Затем это движущееся созвездие удалилось, исчезая в темных приливах человечества, как видение исчезло вниз по темным приливам от сэра Галахада и, подобно звезде, смешалось со звездами.

Это проблема, которую я бы поставил перед всеми американцами и перед всеми, кто претендует на понимание Америки. Кто и что был этот человек? Был ли он астрономом? Был ли он детективом? Был ли он бродячим безумцем? Если он был безумцем, который думал, что он астроном, почему у него был значок, доказывающий, что он детектив? Если он был детективом, притворяющимся астрономом, почему он сказал совершенно незнакомому человеку, что он детектив, через две минуты после того, как сказал, что он астроном? Если он хотел присматривать за городом тихо и ненавязчиво, почему он выставил себя напоказ со всеми звездами неба и заявил, что читает публичные лекции по всем предметам мира? Каждый мудрый и хорошо воспитанный студент историй об убийствах знаком с понятием полицейского в штатском. Но никто не мог бы сказать, что этот джентльмен был в штатском. Почему бы не носить форму, если он решил показать каждому незнакомцу на улице свой значок? Возможно, в конце концов, у него не было формы; ибо эти земли были лишь недавно дикой границей, грубо управляемой комитетами бдительности. Некоторые американцы предположили мне, что он был шерифом; обычным, лихо скачущим, метко стреляющим шерифом из произведений Брета Гарта и мечтаний моего детства. Другие предположили, что он был агентом Ку-клукс-клана, той великой безымянной революции, о возрождении которой в то время ходили слухи; и что символ, который он демонстрировал, был их символом. Но был ли он шерифом, действующим от имени закона, или заговорщиком против закона, или безумцем, полностью вне закона, я согласен с предыдущими догадками по одному пункту. Я совершенно уверен, что у него в кармане было что-то еще, кроме значка. И я совершенно уверен, что при определенных обстоятельствах он немедленно воспользовался бы этим и застрелил бы меня насмерть между веселым книжным киоском и переполненными трамваями. И это последний штрих к сложности; ибо хотя в этой стране часто кажется, что закон создается безумцем, никогда не знаешь, когда безумец может застрелить тебя за его соблюдение. Только в присутствии этого гражданина Оклахомы я чувствую, что сталкиваюсь с полнотой и глубиной тайны Америки. Поскольку я ничего не понимаю, я признаю то, что мы называем нацией; и я салютую флагу.

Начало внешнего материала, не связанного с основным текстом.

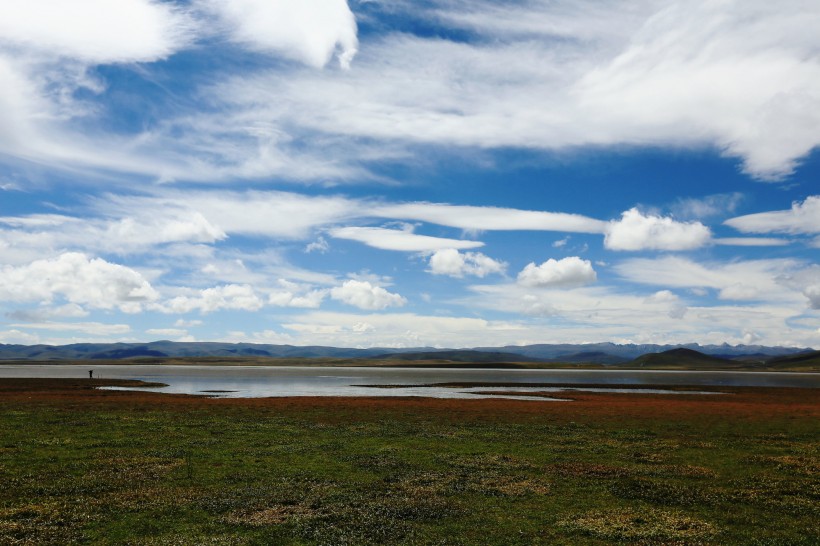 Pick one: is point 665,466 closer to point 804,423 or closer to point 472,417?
point 472,417

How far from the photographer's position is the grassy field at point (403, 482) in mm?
20078

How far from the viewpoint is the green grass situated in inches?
788

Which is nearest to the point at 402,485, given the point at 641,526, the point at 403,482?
the point at 403,482

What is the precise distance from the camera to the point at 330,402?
74375 mm

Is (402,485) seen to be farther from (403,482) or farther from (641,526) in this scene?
(641,526)

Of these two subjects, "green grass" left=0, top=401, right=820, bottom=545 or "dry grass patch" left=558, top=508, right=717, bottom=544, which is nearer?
"dry grass patch" left=558, top=508, right=717, bottom=544

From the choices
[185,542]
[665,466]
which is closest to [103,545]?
[185,542]

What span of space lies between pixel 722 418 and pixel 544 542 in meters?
49.7

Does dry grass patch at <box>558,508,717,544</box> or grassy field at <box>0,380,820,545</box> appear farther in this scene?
grassy field at <box>0,380,820,545</box>

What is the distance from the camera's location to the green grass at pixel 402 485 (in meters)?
20.0

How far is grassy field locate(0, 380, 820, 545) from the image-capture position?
20.1 m

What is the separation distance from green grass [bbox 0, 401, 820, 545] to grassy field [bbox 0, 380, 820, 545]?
12cm

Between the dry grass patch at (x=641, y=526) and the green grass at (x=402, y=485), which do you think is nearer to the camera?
the dry grass patch at (x=641, y=526)

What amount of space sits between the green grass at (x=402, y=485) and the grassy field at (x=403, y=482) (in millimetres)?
118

Но даже в связи с этой таинственной фигурой есть мораль, которая дает еще одну причину для упоминания о нем. Был ли он шерифом или преступником, в нем, безусловно, было что-то, что напоминало об авантюрном насилии старой пограничной жизни Америки; и был ли он связан с полицией или нет, в его окружении, безусловно, было достаточно насилия, чтобы удовлетворить самого ярого полицейского. Плакаты в газетном магазине были расклеены с вердиктом по делу Хэмона; громкое дело, которое достигло своего кризиса в Оклахоме, пока я был там. Сенатор Хэмон был застрелен девушкой, которую он обидел, и его вдова требовала правосудия, или того, что вполне можно было бы назвать местью. Было очень большое волнение, завершившееся оправданием девушки. И дело Хэмона не казалось полностью исключительным в той ветреной пограничной полосе. В тот момент, когда город получил известие, что Клара Смит свободна, газетчики бросились вниз по улице, крича: «Двойное ножевое преступление возле Оклахомы» или «Банкиру перерезали горло на Главной улице» или иным образом возобновляя свой обычный образ жизни. Это звучало так, как будто они говорили: «Не думайте, что наши местные энергии исчерпаны стрельбой в сенатора» или «Ну же, мир молод, даже если Клара Смит оправдана, и энтузиазм Оклахомы еще не остыл».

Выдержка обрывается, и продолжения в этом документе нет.